* ABOUT THIS EXERCISE: Output the full listing below exactly; the images stay out.

* AVAILABLE DATA:
[Start of Attachment]

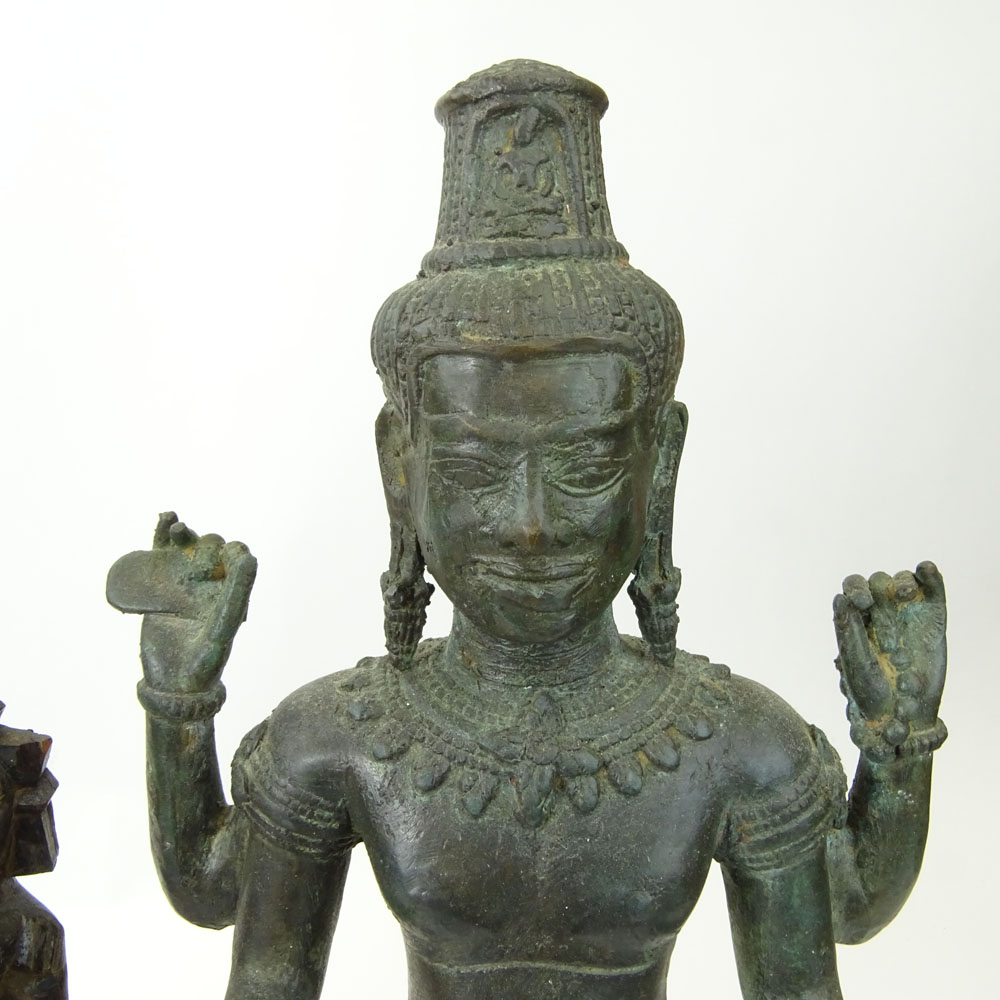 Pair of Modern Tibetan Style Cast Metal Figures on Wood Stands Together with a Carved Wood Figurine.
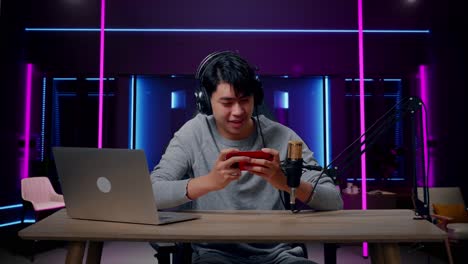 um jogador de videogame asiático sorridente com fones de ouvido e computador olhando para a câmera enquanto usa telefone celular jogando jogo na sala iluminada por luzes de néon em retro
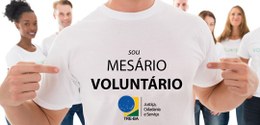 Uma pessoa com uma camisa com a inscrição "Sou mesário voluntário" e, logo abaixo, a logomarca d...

[End of Attachment]

* EXERCISE RESULT:
 Pair of Modern Tibetan Style Cast Metal Figures on Wood Stands Together with a Carved Wood Figurine.
 um jogador de videogame asiático sorridente com fones de ouvido e computador olhando para a câmera enquanto usa telefone celular jogando jogo na sala iluminada por luzes de néon em retro
 Uma pessoa com uma camisa com a inscrição "Sou mesário voluntário" e, logo abaixo, a logomarca d...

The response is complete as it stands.